Pandas DataFrame: How to search rows that match a string keyword

Updated: February 20, 2024 By: Guest Contributor Post a comment

Introduction

In data analysis, searching and filtering data is one of the most common tasks. Pandas, a powerful and flexible data manipulation library in Python, provides several ways to search for specific pieces of information within your dataset. In this tutorial, you will learn how to search rows in a DataFrame that match a string keyword.

Preparation

Let’s start by importing Pandas and preparing a simple DataFrame to work with:

import pandas as pd

# Sample data
data = {'Name': ['John Doe', 'Jane Doe', 'Alice Smith', 'Bob Brown'],
        'Age': [28, 32, 24, 45],
        'Occupation': ['Engineer', 'Doctor', 'Artist', 'Engineer']}
df = pd.DataFrame(data)
print(df)

The DataFrame df looks like this: Name Age Occupation John Doe 28 Engineer Jane Doe 32 Doctor Alice Smith 24 Artist Bob Brown 45 Engineer

Basic Searching

One basic way to search for rows that contain a specific string in a DataFrame is by using the str.contains() method. This method returns a Boolean series indicating whether each element in the Series or DataFrame contains the string.
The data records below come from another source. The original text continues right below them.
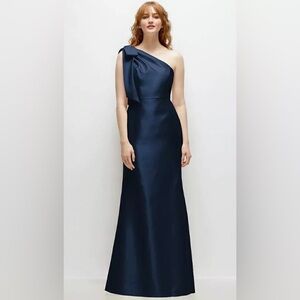 NWT Alfred Sung Bow One-Shoulder Satin Trumpet Gown in Navy, D794, Size 12R
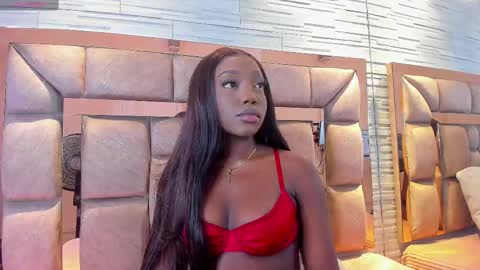 Snapshot of lilian_starfire chatting on October 6, 7:44 pm LILIAN online show from October 6, 7:44 pm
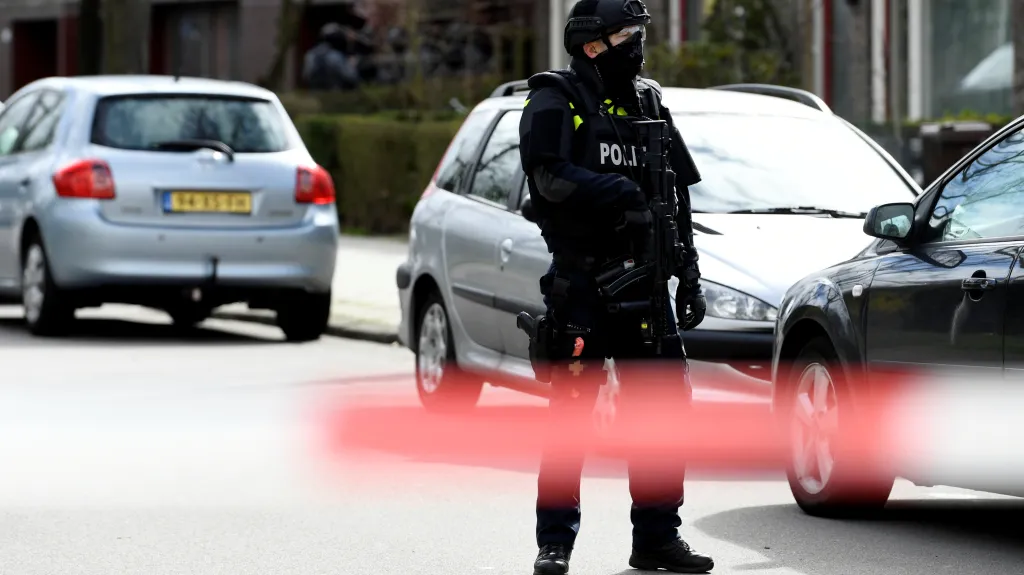 Policisté po střelbě v Utrechtu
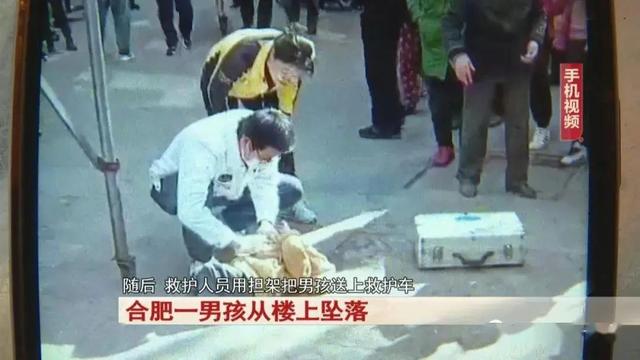 安徽1岁男童被陌生人残害,本有3次生存机会,目击者冷漠看完全程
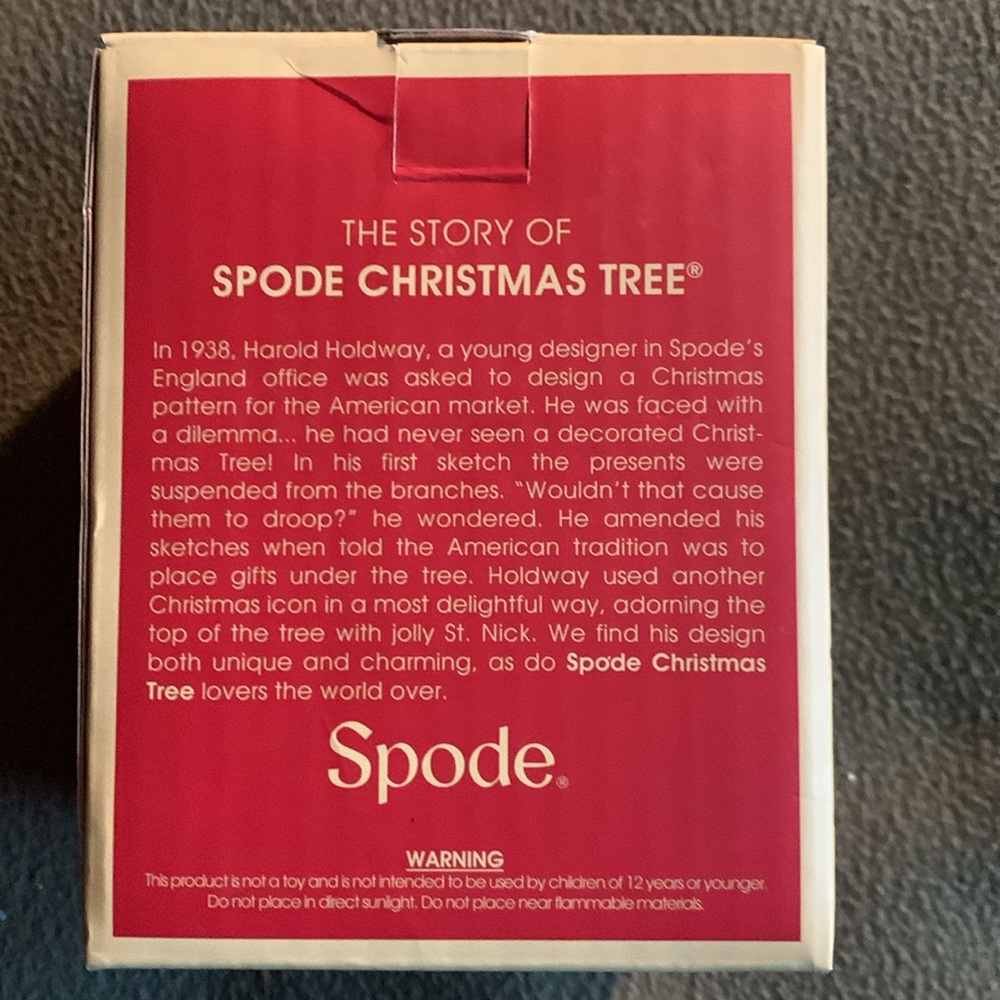 Spode Christmas Tree Believe Santa Snow Globe in box. Approximately 3” x 4” - Picture 3 of 10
contains_engineer = df['Occupation'].str.contains('Engineer')
print(df[contains_engineer])

The output: Name Age Occupation John Doe 28 Engineer Bob Brown 45 Engineer

Case Sensitivity

By default, the str.contains() method is case sensitive. However, you can make it case-insensitive using the case parameter:

contains_engineer = df['Occupation'].str.contains('engineer', case=False)
print(df[contains_engineer])

Using Regular Expressions

The str.contains() method also supports regular expressions, allowing more complex searches. For instance, if you want to find anyone whose occupation starts with ‘E’:

starts_with_e = df['Occupation'].str.contains('^E', regex=True)
print(df[starts_with_e])

Searching Across Multiple Columns

For more advanced searching, you might want to look across multiple columns. This requires a bit more code but is still very manageable with Pandas. One way to do this is by applying a function across the rows with the apply method. The function will check if the keyword exists in any of the specified columns:

def keyword_search(row, keyword):
    return any(keyword in row[col] for col in ['Name', 'Occupation'])

contains_doe = df.apply(keyword_search, axis=1, args=('Doe',))
print(df[contains_doe])

The output will show rows where either ‘Name’ or ‘Occupation’ contains ‘Doe’: Name Age Occupation John Doe 28 Engineer Jane Doe 32 Doctor

Combining Conditions

You can also combine conditions to fine-tune your search. For example, to find engineers named John Doe:

is_john_engineer = (df['Name'] == 'John Doe') & (df['Occupation'].str.contains('Engineer'))
print(df[is_john_engineer])

The output: Name Age Occupation John Doe 28 Engineer

Conclusion

This tutorial covered several ways to search for rows in a Pandas DataFrame that match a string keyword, from basic searching to more advanced techniques involving case sensitivity, regular expressions, and searching across multiple columns. With these tools, you can efficiently sift through your dataset to find the information you need.